At Age Three, Foursquare Seeks Profitablity #SXSW

Image representing Foursquare as depicted in C...

Image via CrunchBase

Just three years after Foursquare launched its location based app at SXSW, the company has more than 20 million users and 750,000 merchants.

Now Foursquare is in a phase of transforming into a company with a profitable product. The recent departure of co-founder Naveen Selvaduri indicates internal shifts are already occurring.

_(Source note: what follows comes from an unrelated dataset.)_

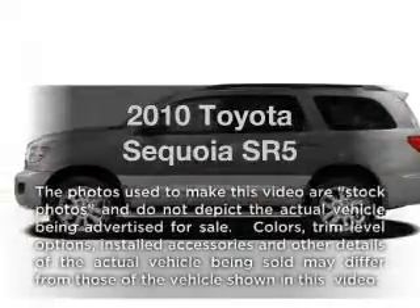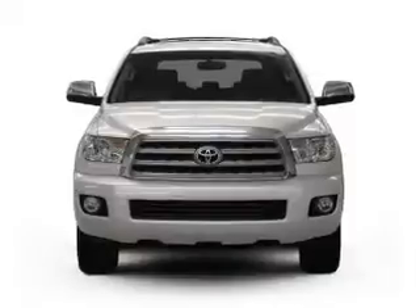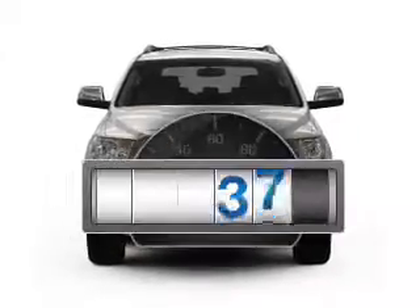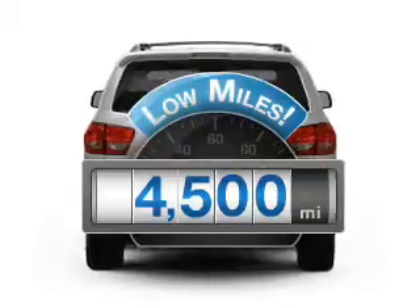Imagine yourself in this 2010 Toyota Sequoia — everything you need under one roof with this great vehicle. Why worry about high mileage? Choosing a ride with lower mileage is the right choice for your busy life.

John Valentine, VP of Sales for LevelUp, said that the company’s new strategy is in local search and discovery—which is similar to Yelp’s business model. For the company to thrive it needs to supplant Yelp as a local search-and-find app. “Foursquare would be an interesting acquisition target for Yelp,” Valentine told Street Fight.

In order to make money, Foursquare will need revenue from merchants—in some combination of advertising or service fees. David Chang, COO of WHERE, told Street Fight, “The question is if their sweet spot will be little merchants or big media brands like Bravo who want to reach their audience.”

While the gaming aspect was crucial in the company’s early development, now it’s moving into the loyalty and rewards space. Tristan Walker, director of business development, told Street Fight that the company is focusing on building ways for merchants to measure the effectiveness of the deals offered on the platform.

Foursquare is also adding new layers of data. It’s teaming up with menu aggregator SinglePlatform to include SKU level menu information to its venue pages. At this year’s SXSW, Crowley told audiences that people are using Foursquare just for the data, and not checking in. “That’s a really important and interesting trend,” he said.

Valentine told Street Fight that if people stop checking in, it would hurt the company down the road, saying, “If people don’t check-in anymore, they won’t have up-to-date records on where their friends are because they aren’t checking in either.”